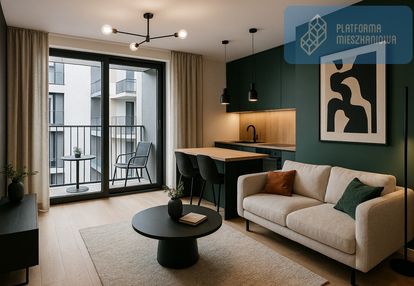 Cena promocyjna do 11.04 /parking za 0 zł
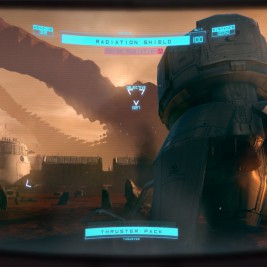 Corpse of Discovery screenshot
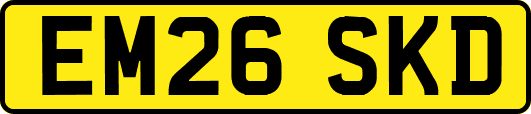 EM26SKD
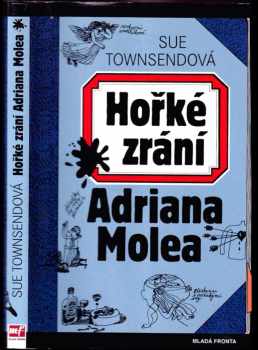 Hořké zrání Adriana Molea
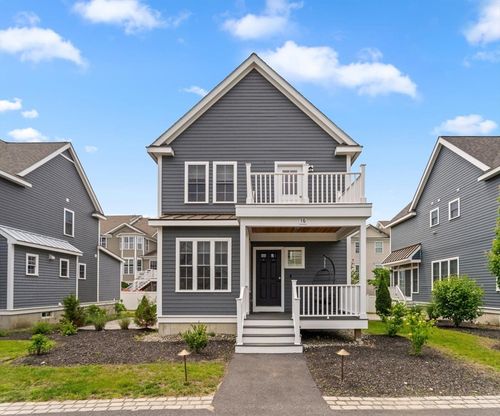 16-16 Daania Dr, Westborough, MA, 01581-3029 | Card Image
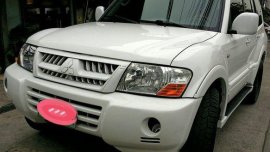 Mitsubishi Pajero 2004 For sale 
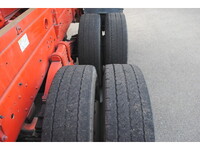 いすゞギガダンプ大型（10t）[写真20]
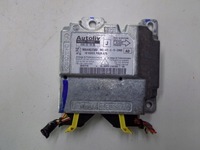 фото thumb №13, Датчик подушок подушка безпеки peugeot оригінальний номер 9664402580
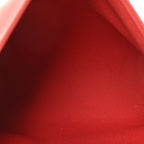 Vache Hunter Toile Herbag Zip 31 PM Rouge Tomate Natural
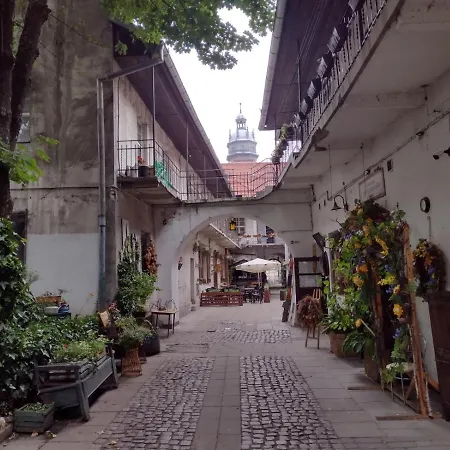 Cracowapart Ignacio A * Krakau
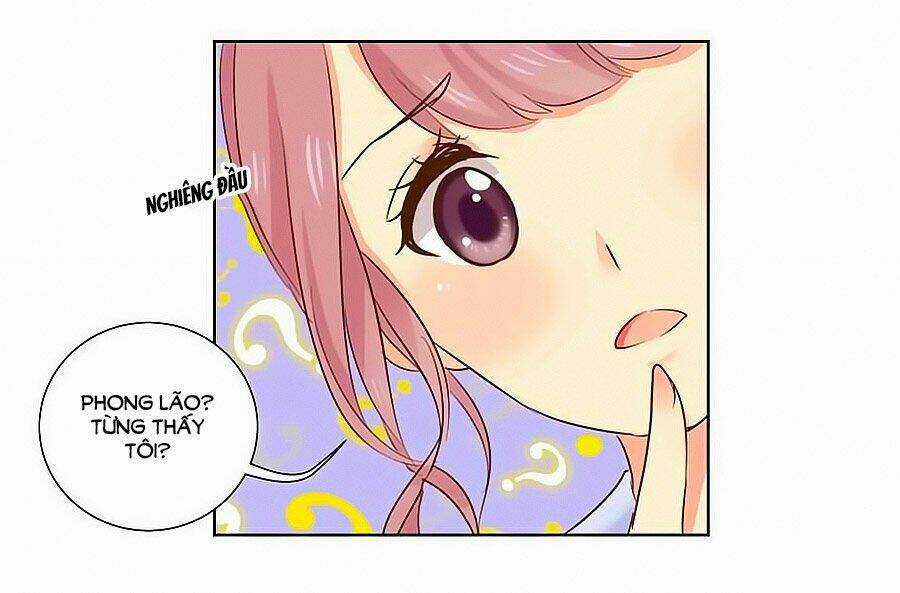 Lưu Luyến Tinh Diệu Chapter 57 trang 22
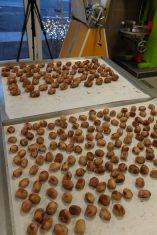 Marzipankartoffeln / Backen mit Dir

○ ○ ○ ○ ○ ○ ○

Activity:
Apart from the pictures, return every entry above exactly as given.

Solution for this problem:
 Cena promocyjna do 11.04 /parking za 0 zł
 Corpse of Discovery screenshot
 EM26SKD
 Hořké zrání Adriana Molea
 16-16 Daania Dr, Westborough, MA, 01581-3029 | Card Image
 Mitsubishi Pajero 2004 For sale 
 いすゞギガダンプ大型（10t）[写真20]
 фото thumb №13, Датчик подушок подушка безпеки peugeot оригінальний номер 9664402580
 Vache Hunter Toile Herbag Zip 31 PM Rouge Tomate Natural
 Cracowapart Ignacio A * Krakau
 Lưu Luyến Tinh Diệu Chapter 57 trang 22
 Marzipankartoffeln / Backen mit Dir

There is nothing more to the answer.